Murder in the mosque: A Masjidur Rahman devotee showing the place where one of the devotees was killed.

Intelligence officials say it is a new development where the Thawheed group had emerged in several Muslim areas. This is particularly in the east where there has been a marked growth of Wahabi followers. It was only months earlier, the Police requested these groups to surrender arms.
Mohamed Fazly, a devotee of the Thawheed group said, "We are trying to ensure Islam is followed in its proper way and in the purest form. We will deal with those who carried out the savage attacks." The remarks reflect the disturbed mood in a coastal town where there had been unity amongst Muslims within their diversities.

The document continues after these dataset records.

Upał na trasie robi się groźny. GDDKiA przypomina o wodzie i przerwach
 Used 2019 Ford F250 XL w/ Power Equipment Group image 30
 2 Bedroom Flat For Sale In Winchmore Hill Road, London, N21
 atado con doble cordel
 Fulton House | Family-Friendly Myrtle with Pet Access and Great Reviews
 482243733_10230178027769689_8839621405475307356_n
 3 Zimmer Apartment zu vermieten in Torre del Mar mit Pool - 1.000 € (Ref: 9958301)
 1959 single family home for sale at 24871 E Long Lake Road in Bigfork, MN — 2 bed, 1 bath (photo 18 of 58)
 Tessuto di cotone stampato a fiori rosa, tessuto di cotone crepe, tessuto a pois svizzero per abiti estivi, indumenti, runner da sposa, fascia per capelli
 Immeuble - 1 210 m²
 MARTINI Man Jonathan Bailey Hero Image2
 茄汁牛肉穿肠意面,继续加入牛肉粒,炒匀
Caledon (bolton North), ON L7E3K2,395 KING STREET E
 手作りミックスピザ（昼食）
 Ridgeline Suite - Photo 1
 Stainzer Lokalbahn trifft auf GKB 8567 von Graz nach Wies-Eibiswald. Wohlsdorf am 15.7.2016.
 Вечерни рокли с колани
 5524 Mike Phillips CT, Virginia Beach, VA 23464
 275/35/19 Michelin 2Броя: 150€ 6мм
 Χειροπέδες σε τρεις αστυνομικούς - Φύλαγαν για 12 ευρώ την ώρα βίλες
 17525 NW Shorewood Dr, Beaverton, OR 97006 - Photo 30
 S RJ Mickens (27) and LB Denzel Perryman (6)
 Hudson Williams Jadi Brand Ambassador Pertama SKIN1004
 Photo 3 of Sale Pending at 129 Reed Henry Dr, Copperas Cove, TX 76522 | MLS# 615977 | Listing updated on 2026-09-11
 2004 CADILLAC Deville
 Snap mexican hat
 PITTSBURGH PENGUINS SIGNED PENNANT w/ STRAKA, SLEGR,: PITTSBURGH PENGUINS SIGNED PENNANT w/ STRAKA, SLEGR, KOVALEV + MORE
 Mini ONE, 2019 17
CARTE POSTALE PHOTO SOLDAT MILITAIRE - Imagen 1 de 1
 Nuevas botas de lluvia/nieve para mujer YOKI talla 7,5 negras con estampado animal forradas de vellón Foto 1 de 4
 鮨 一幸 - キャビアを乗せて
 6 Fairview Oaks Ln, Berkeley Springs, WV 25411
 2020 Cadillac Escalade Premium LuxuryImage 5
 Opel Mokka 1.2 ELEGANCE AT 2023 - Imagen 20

"This is a very unfortunate incident because Islam preaches brotherhood and peace. People must be educated on what Islam really stands for," said a Muslim intellectual very familiar with the community's workings in Beruwala. He did not wish to be identified. Scholars are afraid of the long-term consequences of such conflicts within the Muslim community, especially at a time when the Muslim identity is under siege globally.

For the State intelligence arms, this new phenomenon, will no doubt pose serious questions. They include key issues like who is channelling funds and who is trying to export religious revolution to an otherwise peaceful community according to another Islamic scholar who also did not wish to be identified.

His remarks underscored the feeling that is running high. Some of the embarrassed were already circulating SMS messages calling the Moulavi involved in the incident as "Sheikh Prabhakaran," a crude but thought provoking remark. Slogans had come up inside the mosque exhorting "Another "Jihadi Group is coming".

Those who allegedly took part in the attack, 131 of them, surrendered to the Police. They have now been remanded till August 6. The number is the largest ever arrested and remanded for a single incident in Sri Lanka's legal history. Is another form of history waiting to unfold? The Government has the unenviable task of nipping it in the bud.